1	To learn the main concepts of network security.
2	To know the principles of symmetric cryptographic algorithms.
3	To learn and understand how public key (asymmetric) cryptographic algorithms function.
4	To understand message authentication, user authentication and key distribution.
5	To understand the importance of network access control and cloud security.
6	To know how security is implemented at the Transport Layer.
7	To comprehend the specific requirements of implementing and ensuring wireless network security.
8	To know the processes needed to secure electronic mail.
9	To know the mechanisms used for implementing IP Security.
10	To learn, recognise and employ the tools needed to proctect against malicious software and intruders using e.g. firewalls.

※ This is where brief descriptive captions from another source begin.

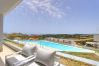 Lejlighed i Estepona - 2202 Modern Apartment with Panoramic Sea Views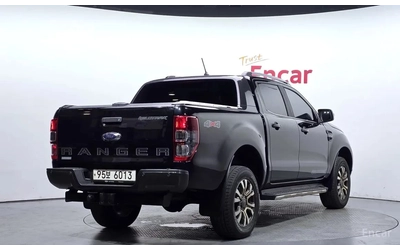 ford-ranger - 1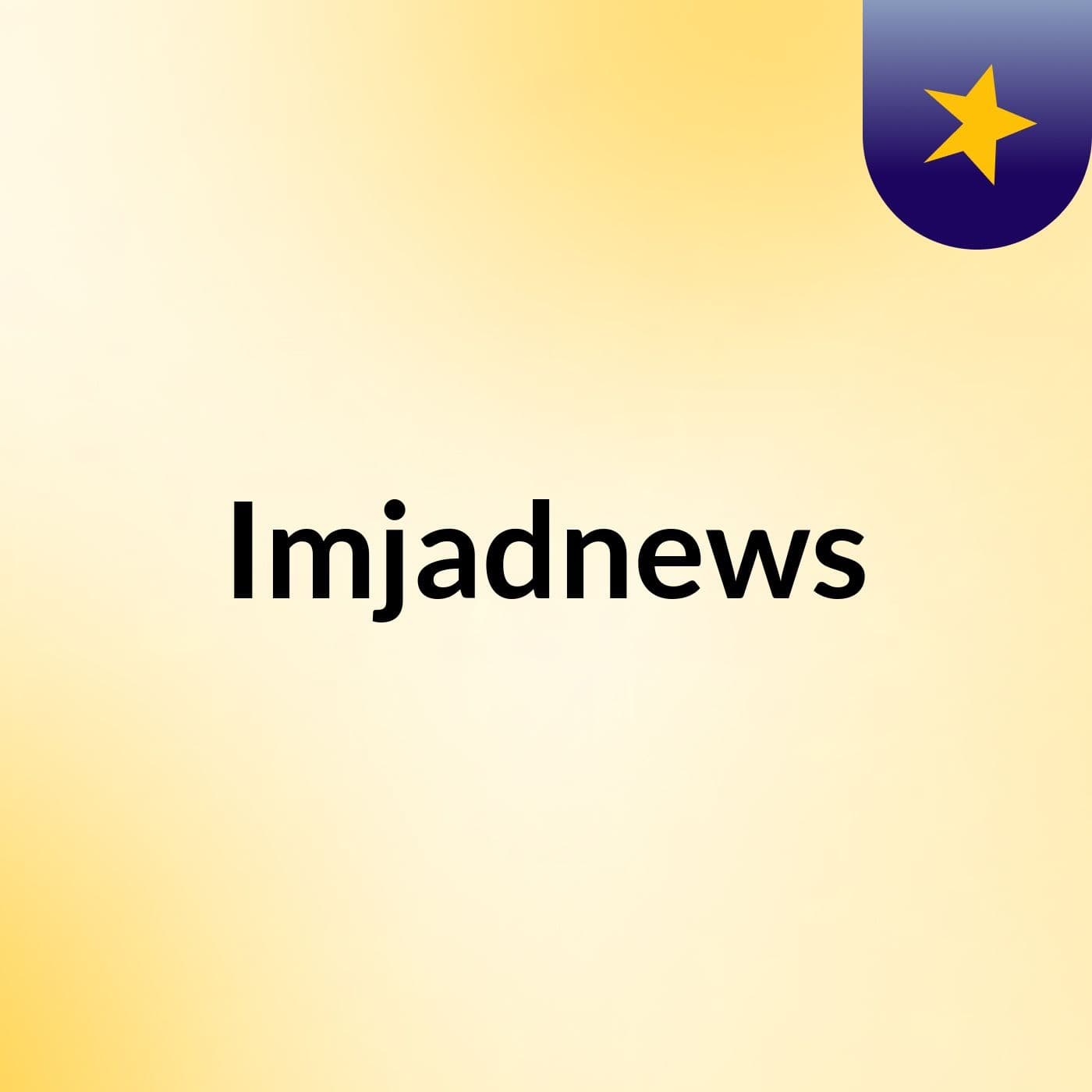 Imjadnews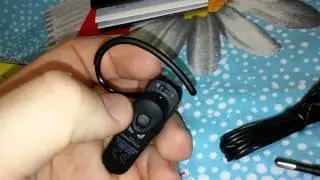 Bluetooth гарнитура JABRA TALK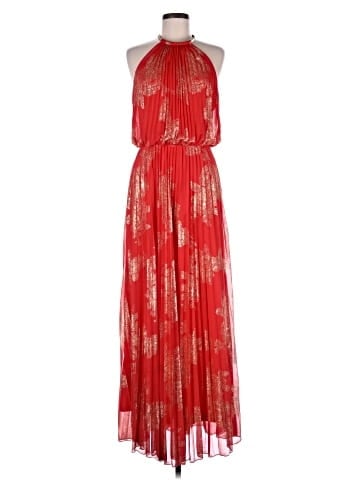 MSK Cocktail Dress (view 1)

COURSE CONTRIBUTION TO... PROGRAM COMPETENCIES (Blank : no contribution, 1: least contribution ... 5: highest contribution)

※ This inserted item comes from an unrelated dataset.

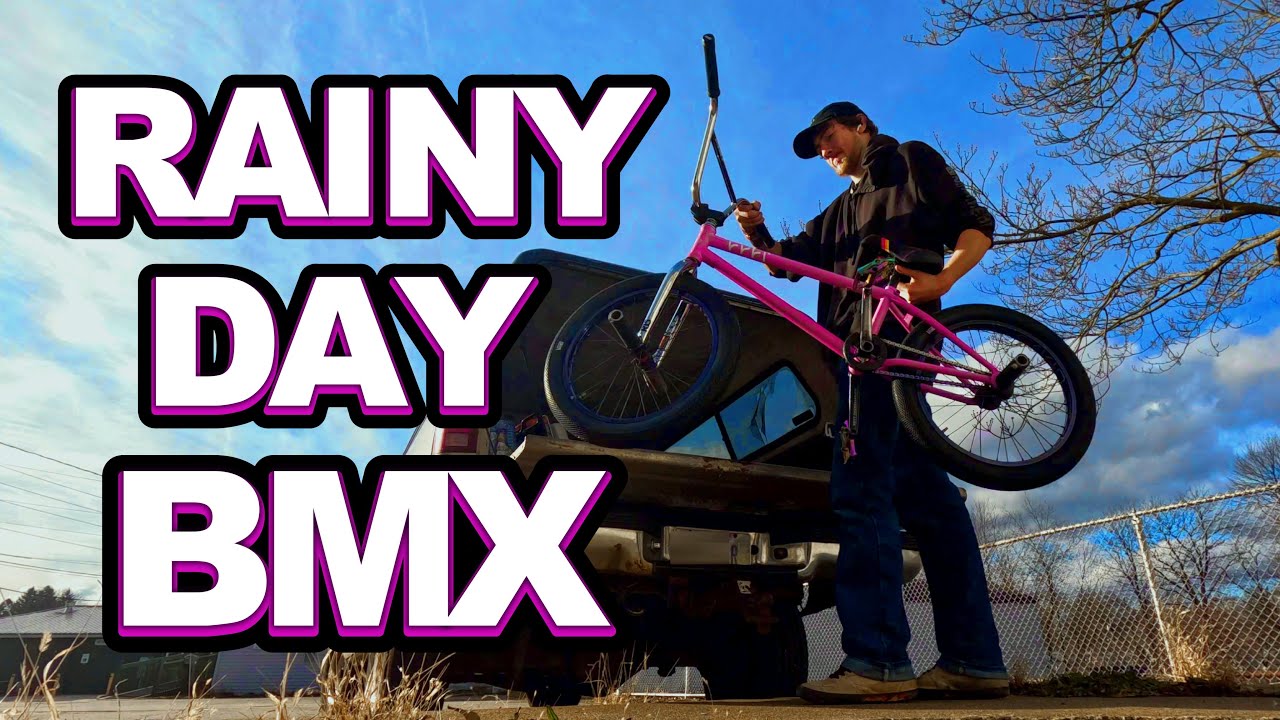 lines (BMX)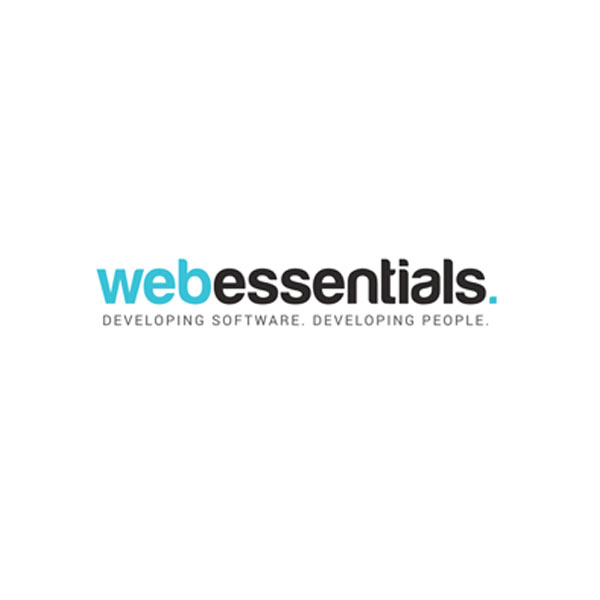 web essentials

No	Program Competencies	Cont.
Master of Science in Computer Engineering (2 years) Program
1	Engineering graduates with sufficient theoretical and practical background for a successful profession and with application skills of fundamental scientific knowledge in the engineering practice.	5
2	Engineering graduates with skills and professional background in describing, formulating, modeling and analyzing the engineering problem, with a consideration for appropriate analytical solutions in all necessary situations	5
3	Engineering graduates with the necessary technical, academic and practical knowledge and application confidence in the design and assessment of machines or mechanical systems or industrial processes with considerations of productivity, feasibility and environmental and social aspects.	5
4	Engineering graduates with the practice of selecting and using appropriate technical and engineering tools in engineering problems, and ability of effective usage of information science technologies.	5
5	Ability of designing and conducting experiments, conduction data acquisition and analysis and making conclusions.	5
6	Ability of identifying the potential resources for information or knowledge regarding a given engineering issue.	5
7	The abilities and performance to participate multi-disciplinary groups together with the effective oral and official communication skills and personal confidence.	5
8	Ability for effective oral and official communication skills in foreign language.	5
9	Engineering graduates with motivation to life-long learning and having known significance of continuous education beyond undergraduate studies for science and technology.	5
10	Engineering graduates with well-structured responsibilities in profession and ethics.	5
11	Engineering graduates who are aware of the importance of safety and healthiness in the project management, workshop environment as well as related legal issues.	5
12	Consciousness for the results and effects of engineering solutions on the society and universe, awareness for the developmental considerations with contemporary problems of humanity.	5

COURSE EVALUATION METHOD

Method	Quantity	Percentage
Midterm Exam(s)	1	30
Project	1	30
Final Exam	1	40
Attendance		0
	Total Percent:	100%

ECTS (ALLOCATED BASED ON STUDENT WORKLOAD)

Activities	Quantity	Duration(Hours)	Total Workload(Hours)
Course Duration (Including the exam week: 16x Total course hours)	16	3	48
Hours for off-the-classroom study (Pre-study, practice)	16	3	48
Mid-terms	1	3	3
Assignments	5	17.1	85.5
Final examination	1	3	3
Other			0
Total Work Load:			187.5
Total Work Load/25(h):			7.5
ECTS Credit of the Course:			7.5

CONCLUDING REMARKS BY THE COURSE LECTURER

This course provides a comprehensive overview of the main concepts to appreciate the requirements of ensuring network security.